A farm-and-fishing town at the far southeastern tip of the state where stone walls outnumber people and the general store still runs the community's whole social calendar. Lia and I got lost on purpose down its unmarked lanes and found some of the best sweet corn either of us has ever eaten.
Little Compton sits out on its own peninsula between the Sakonnet River and the open Atlantic, closer in spirit to a working farm town than to the yacht-club version of coastal Rhode Island most visitors expect. There’s no real downtown, just a green with a white 1832 meetinghouse, a burial ground with headstones dating to the 1670s, and the Commons General Store, which locals treat less as a shop than as the town’s living room. Lia and I bought sandwiches there and ended up chatting for twenty minutes with the owner about which farm stands were worth the detour that week — information that, she made clear, wasn’t printed anywhere.

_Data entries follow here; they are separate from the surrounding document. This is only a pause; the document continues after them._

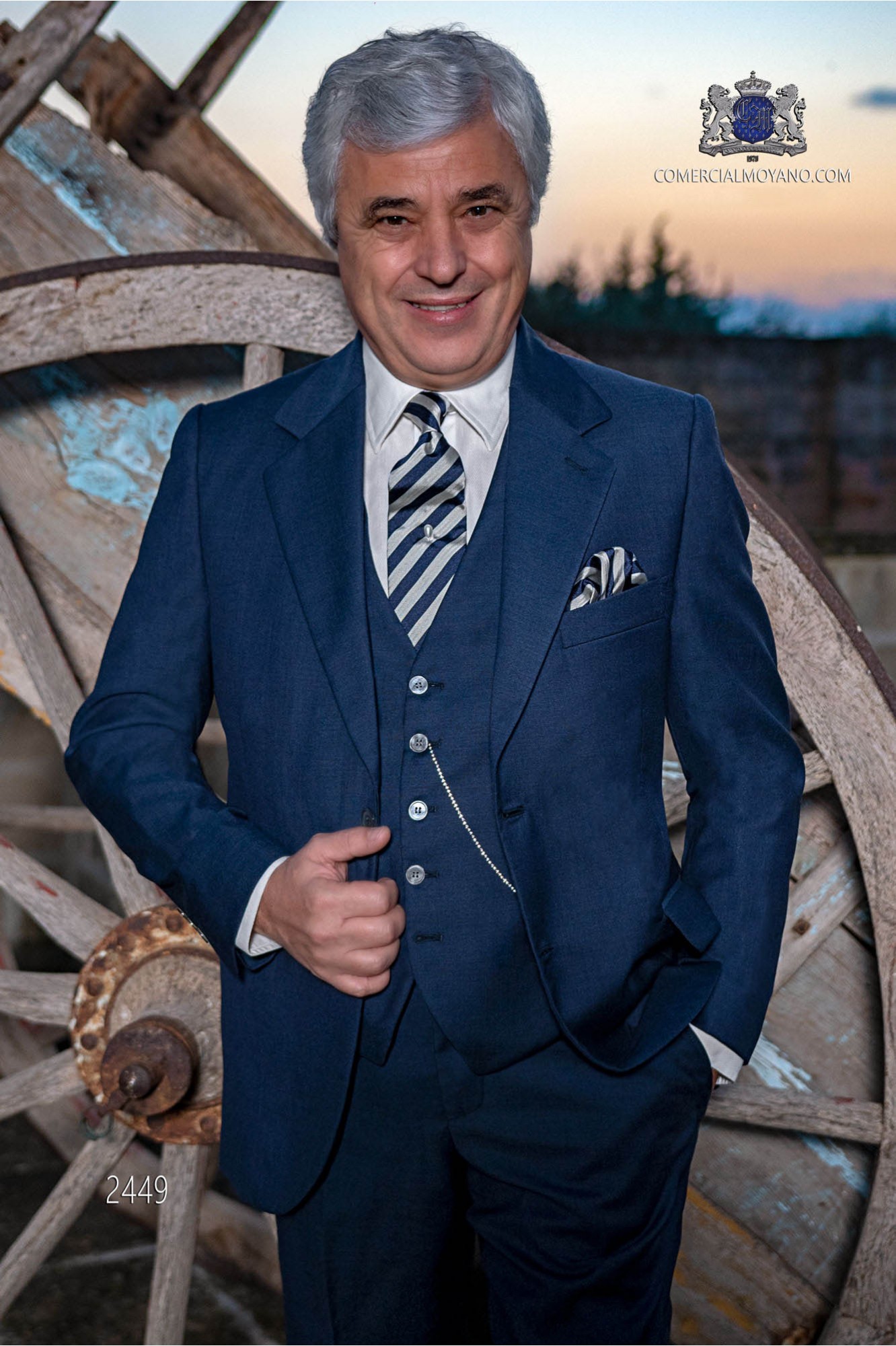Traje clásico italiano a medida azul modelo: 2449 Mario Moyano colección Gentleman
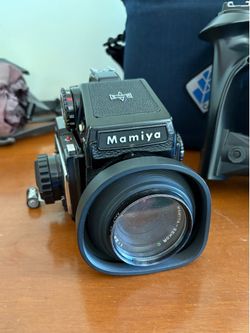 Mamiya M645 with Mamiya-Sekor C 80mm f/2.8 lens
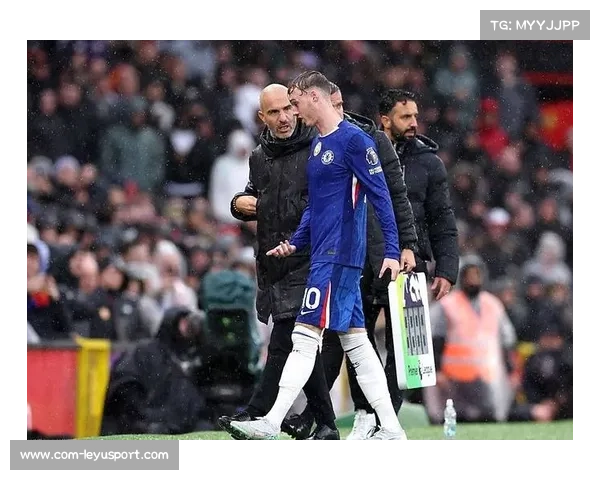 切尔西采取极端措施，将医疗主管安排至替补席监督主帅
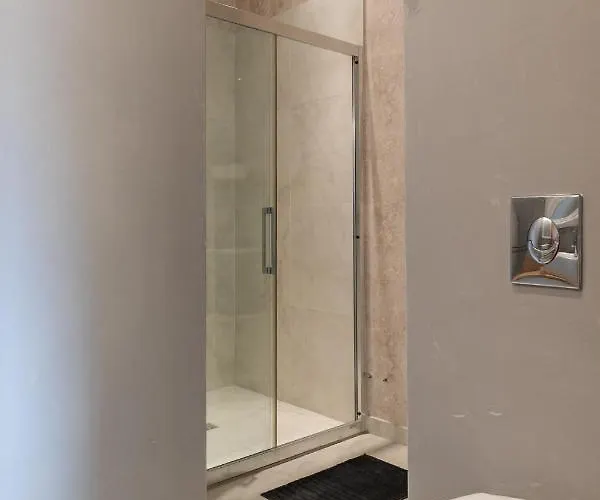 Frankie's Place شقة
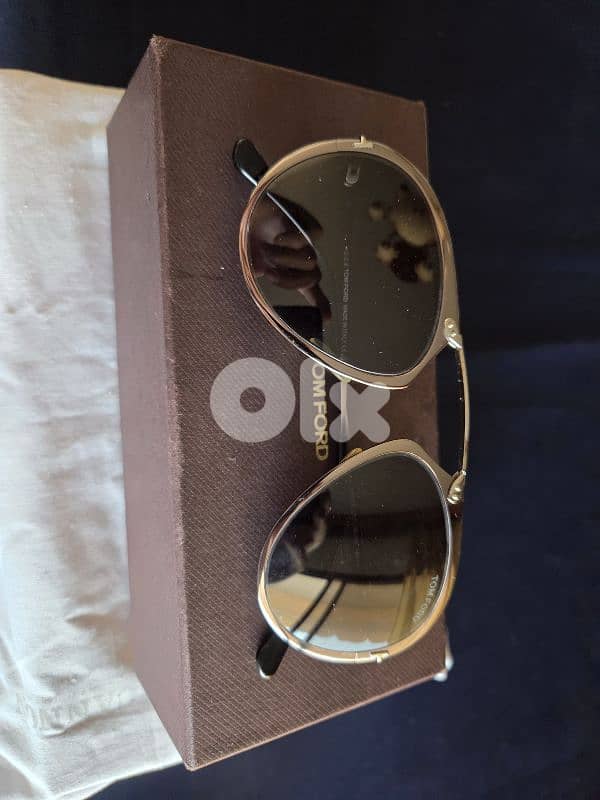 sunglasses Tom Ford by 007 James bond 4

Sakonnet Point and the working harbor
We drove out to Sakonnet Point, a small, unglamorous harbor where lobster boats and a handful of charter fishermen work out of weathered shacks, with none of the polish of Newport thirty minutes north. A rocky breakwater curls out into the Atlantic, and we walked it as waves broke over the far end, salt spray drifting back at us, while a couple of locals cast for striped bass off the rocks without paying us any mind at all. It felt like the kind of spot that exists specifically because it hasn’t been discovered.

Sweet corn and stone walls
Little Compton’s real currency is agriculture — this stretch of the state has some of the richest farmland in New England, and the stone walls dividing pastures here were mostly stacked by hand in the 1700s, still standing without mortar centuries later. We stopped at a roadside stand for corn that had clearly been picked that morning, and Lia, who is generally unimpressed by corn, admitted it was the best she’d had outside of a Mexican street cart, which from her is close to a five-star review.

Getting There
T.F. Green International Airport (PVD) is about fifty minutes northwest. From Providence, it’s roughly an hour’s drive south via Route 24 and Route 77. A car is essential — there is no public transit here, and half the point is the unmarked back roads.